[[ Dataset excerpt, beginning ]]

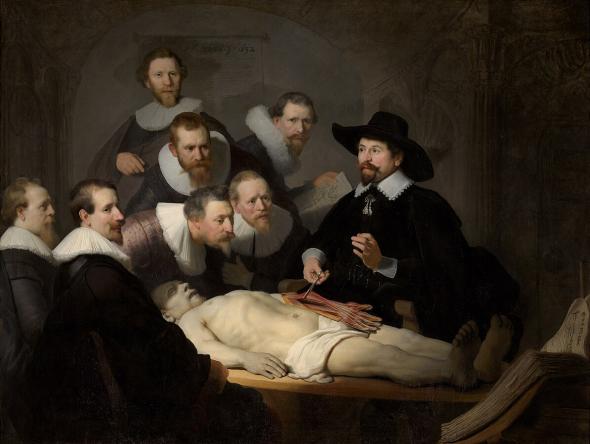 A Lição de Anatomia de Dr. Nicolaes Tulp (1632)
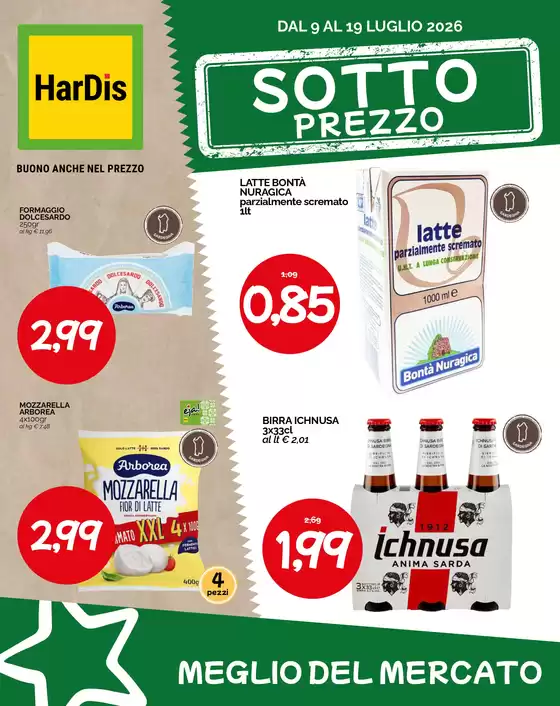 Volantino Hardis | Sotto prezzo | 2026-07-09T00:00:00.000Z - 2026-07-19T00:00:00.000Z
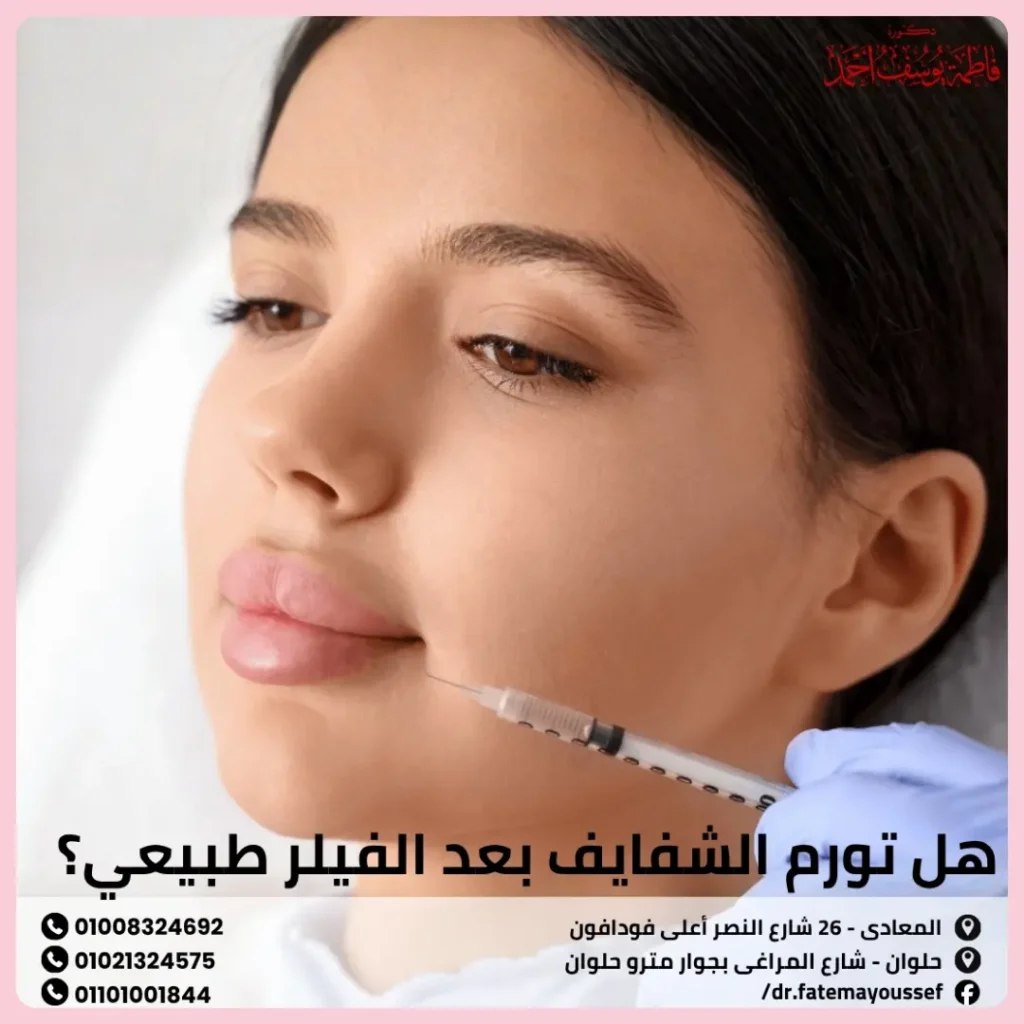 هل تورم الشفايف بعد الفيلر طبيعي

[[ Dataset excerpt, end ]]

Activity:
Give back only the lines from the one that carries "Volantino Hardis |" through the final line above, both included. Drop all pictures.

Response below:
 Volantino Hardis | Sotto prezzo | 2026-07-09T00:00:00.000Z - 2026-07-19T00:00:00.000Z
 هل تورم الشفايف بعد الفيلر طبيعي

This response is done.